Robert (Bear) Woolsey
San Antonio, Texas
Though my husband passed on December 4, 2010 due to Agent Orange complications, he was an adamant supporter of veterans of all wars. Instead of following in his father’s footsteps of joining the Navy, the 17 year old volunteered for the draft in October of 1969, unaware of just what he was going to truly face in the war-ravaged country of Vietnam. He returned much older in his mind to face such savagery from the very people who should have understood him the most. His funniest memory was of receiving a forwarded draft notice six months after being in-country and telling his commander that he must return home as he had been “drafted”. He was brought home by the Red Cross in March of 1971 on emergency leave due to the possibly eminent death of his mother. Instead of returning in-country they posted him to Fort Dix, New Jersey for the remainder of his service. There he found out that the prejudice against these veterans extended even in the military. I received a phone call informing me an “encounter” with his CO had earned him some time in the brig. It wasn’t until his final release that I found out that this young man had acted unbecomingly as suited his rank.
I married him 17 days home from the war and learned just exactly how much he had suffered while doing what his country expected him to do. We had the most unusual anniversary date in that we married on April 1, 1970. I remember the first time he received notice in the mail that he must go to the police station the first of the year to “register” his hands so that if he “damaged” someone during a flashback, his stint in that foreign country would be taken into consideration. He said it made him ashamed to know that he was so trained that he must subject himself to such things as being known as “mentally damaged” by the authorities.
It wasn’t until his body began to betray him in the early part of this century that he became actively involved in the “veteran community”. He stayed as active as possible until health issues made it impossible to do so, but looked forward to the newsletter sent to him each month by his organization-TAVV-of which he remained a member until his death. He was finally able to talk to people who understood the miasma of troublesome thoughts, nightmares and prejudices which he had been unable to resign with the reality of his present life. I will be forever grateful for their support and respectful treatment of him at his passing.
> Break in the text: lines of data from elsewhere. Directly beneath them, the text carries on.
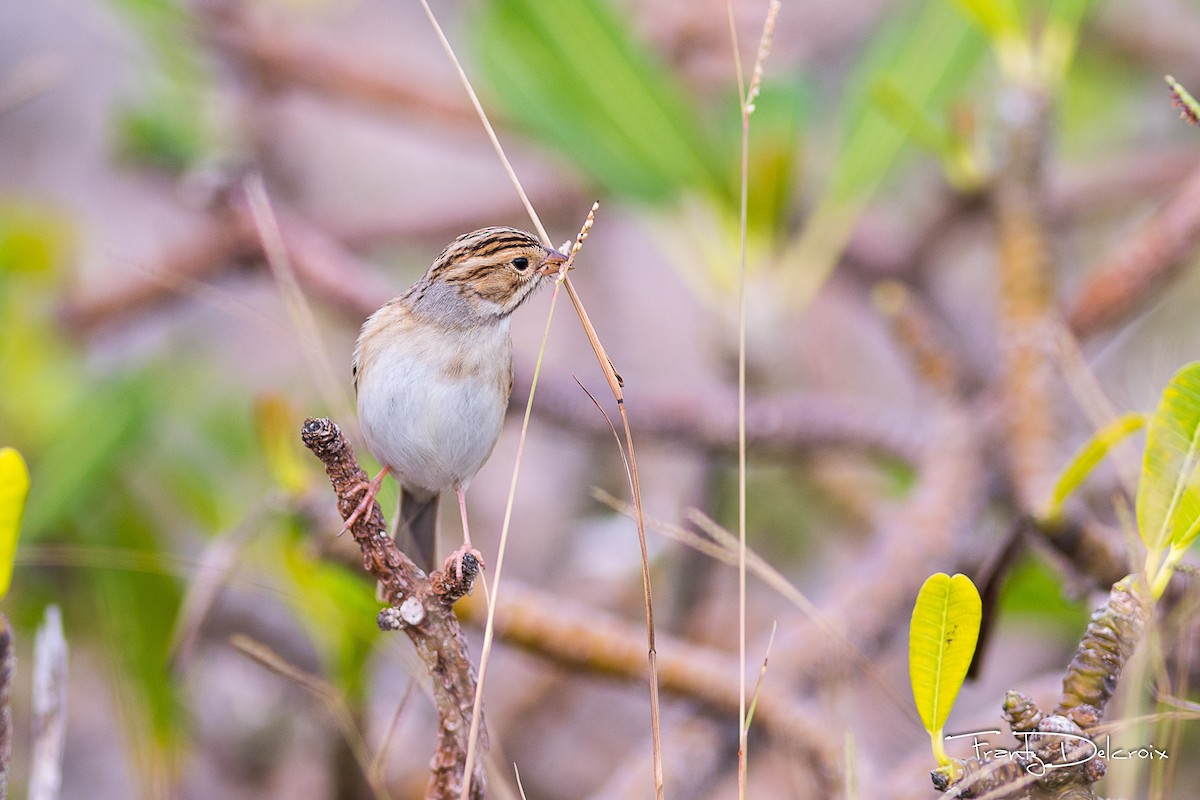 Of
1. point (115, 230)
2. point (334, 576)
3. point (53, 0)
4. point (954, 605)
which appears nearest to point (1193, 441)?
point (954, 605)

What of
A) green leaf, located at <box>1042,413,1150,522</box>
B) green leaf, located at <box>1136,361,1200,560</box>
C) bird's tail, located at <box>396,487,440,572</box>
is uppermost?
bird's tail, located at <box>396,487,440,572</box>

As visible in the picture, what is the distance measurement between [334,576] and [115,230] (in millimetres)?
3952

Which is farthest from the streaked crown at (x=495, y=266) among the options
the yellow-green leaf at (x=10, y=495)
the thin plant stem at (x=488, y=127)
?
the yellow-green leaf at (x=10, y=495)

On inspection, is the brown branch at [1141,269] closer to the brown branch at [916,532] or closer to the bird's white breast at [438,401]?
the brown branch at [916,532]

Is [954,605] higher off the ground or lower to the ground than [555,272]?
lower

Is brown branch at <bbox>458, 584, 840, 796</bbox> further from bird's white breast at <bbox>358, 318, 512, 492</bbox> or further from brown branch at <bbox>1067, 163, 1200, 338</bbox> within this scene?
brown branch at <bbox>1067, 163, 1200, 338</bbox>

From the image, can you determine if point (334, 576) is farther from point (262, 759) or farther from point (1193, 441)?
point (1193, 441)

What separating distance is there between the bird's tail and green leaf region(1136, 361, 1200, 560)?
1.17 m

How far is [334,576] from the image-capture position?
241 centimetres

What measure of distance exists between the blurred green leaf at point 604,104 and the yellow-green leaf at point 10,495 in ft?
7.18

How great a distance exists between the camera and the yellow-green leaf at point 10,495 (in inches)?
46.0

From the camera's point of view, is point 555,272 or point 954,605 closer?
point 954,605

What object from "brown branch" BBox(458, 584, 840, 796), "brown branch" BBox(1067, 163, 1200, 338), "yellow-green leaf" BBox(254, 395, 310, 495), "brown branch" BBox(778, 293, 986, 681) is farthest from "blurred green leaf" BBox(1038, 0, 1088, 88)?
"yellow-green leaf" BBox(254, 395, 310, 495)

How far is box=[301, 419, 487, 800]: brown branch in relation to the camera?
4.00 ft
He became an over-protective father of four, always frightened of hurting one of them during an “episode”, but they always knew they were loved and came to accept his rather hard outlook on life. He began helping young people on the streets,giving them advice, acceptance and even shelter so our home was always rather full. He became a much-loved “father” figure to most of them and many came to show their love when he died. He is buried in a family cemetery established on our property so he is always “at home”.